Mais recentemente, em 2016 a Record pagou R$ 47,7 mil a uma médica gravada com uma câmera escondida em seu programa —o valor inclui honorários advocatícios. Também nesse caso o deputado não foi incluído entre os réus.

OUTRO LADO

A Folha procurou o deputado Celso Russomanno e a TV Record para se manifestar sobre o assunto. A emissora disse que não faz comentários sobre questões jurídicas.

A assessoria do candidato disse que ele construiu "a história dele como repórter com a defesa do consumidor". "Os casos citados estão sub judice e temos a certeza que as condenações provisórias serão reformadas."

A defesa conjunta da Record e de Celso Russomanno nos processos tem afirmado que o modo como os casos são mostrados na "Patrulha do Consumidor" estão dentro dos limites do direito à informação e da livre manifestação e possuem interesse público, como reportagem jornalística.

Em um dos processos, por exemplo, os advogados afirmaram que o objetivo do quadro é veicular uma "situação real e os direitos de cada uma das partes na relação de consumo".

No processo que trata do ex-supervisor de vendas demitido, os advogados da emissora e de Russomanno disseram que o quadro tinha o objetivo de "ajudar, atender ao interesse público, mesmo que para isso seja necessário incomodar algumas pessoas", como o autor do pedido de indenização.

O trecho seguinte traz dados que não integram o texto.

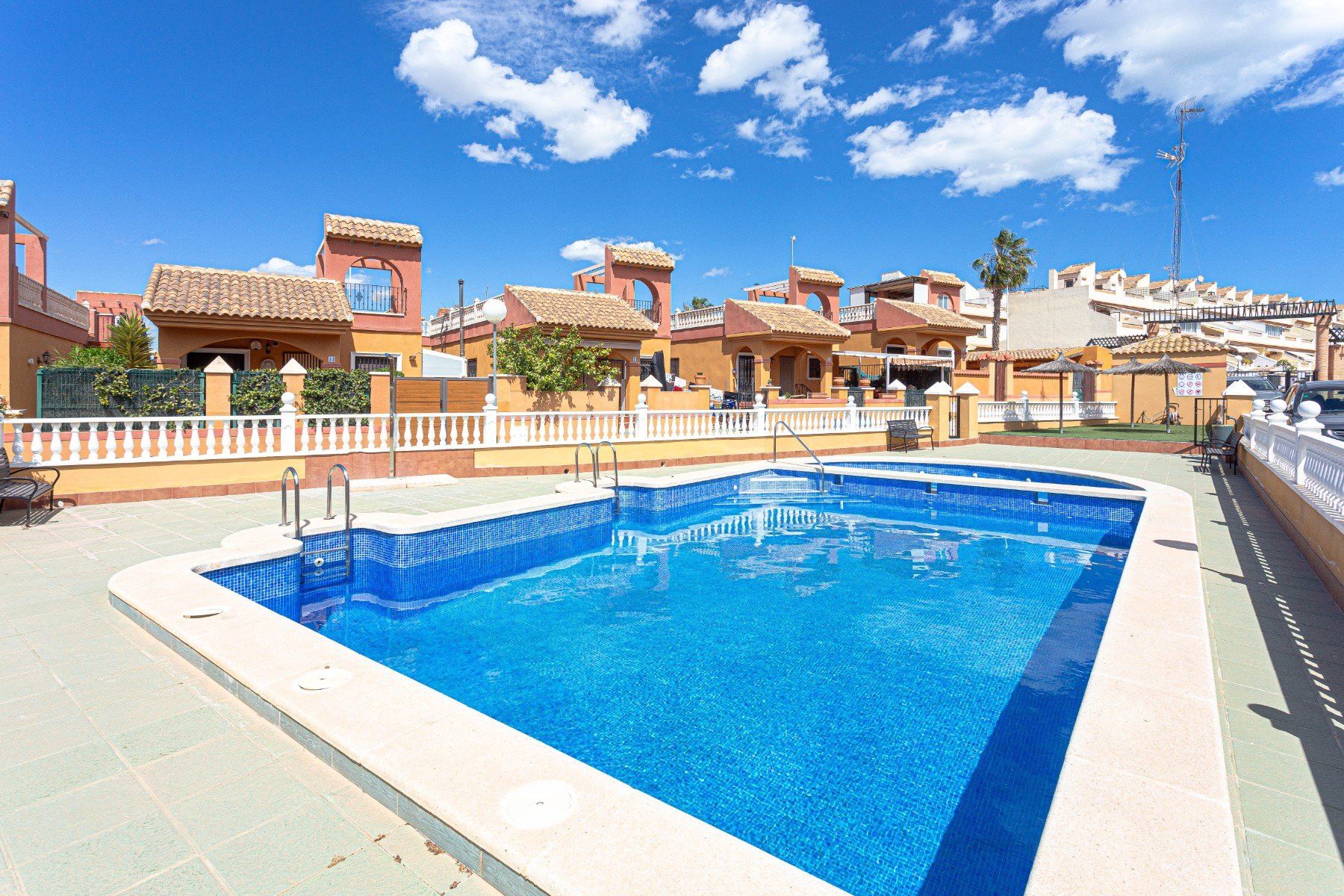 Piscina de Casa o xalet en venda en Torrevieja amb Moblat i Rentadora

No caso dos noivos de São Bernardo do Campo, a defesa da emissora e do apresentador disse que ele conversou ao vivo com a dona do espaço de festas por telefone, sem expor a imagem dela.

No processo da fotógrafa, os advogados da rede de TV e do político disseram que penalidades como a indenização caracterizariam, "ainda que de forma posterior, uma censura".

Também nessa ação, diz que as afirmações do apresentador "não foram inverídicas ou injustas, como pretende fazer crer" a autora do pedido de indenização.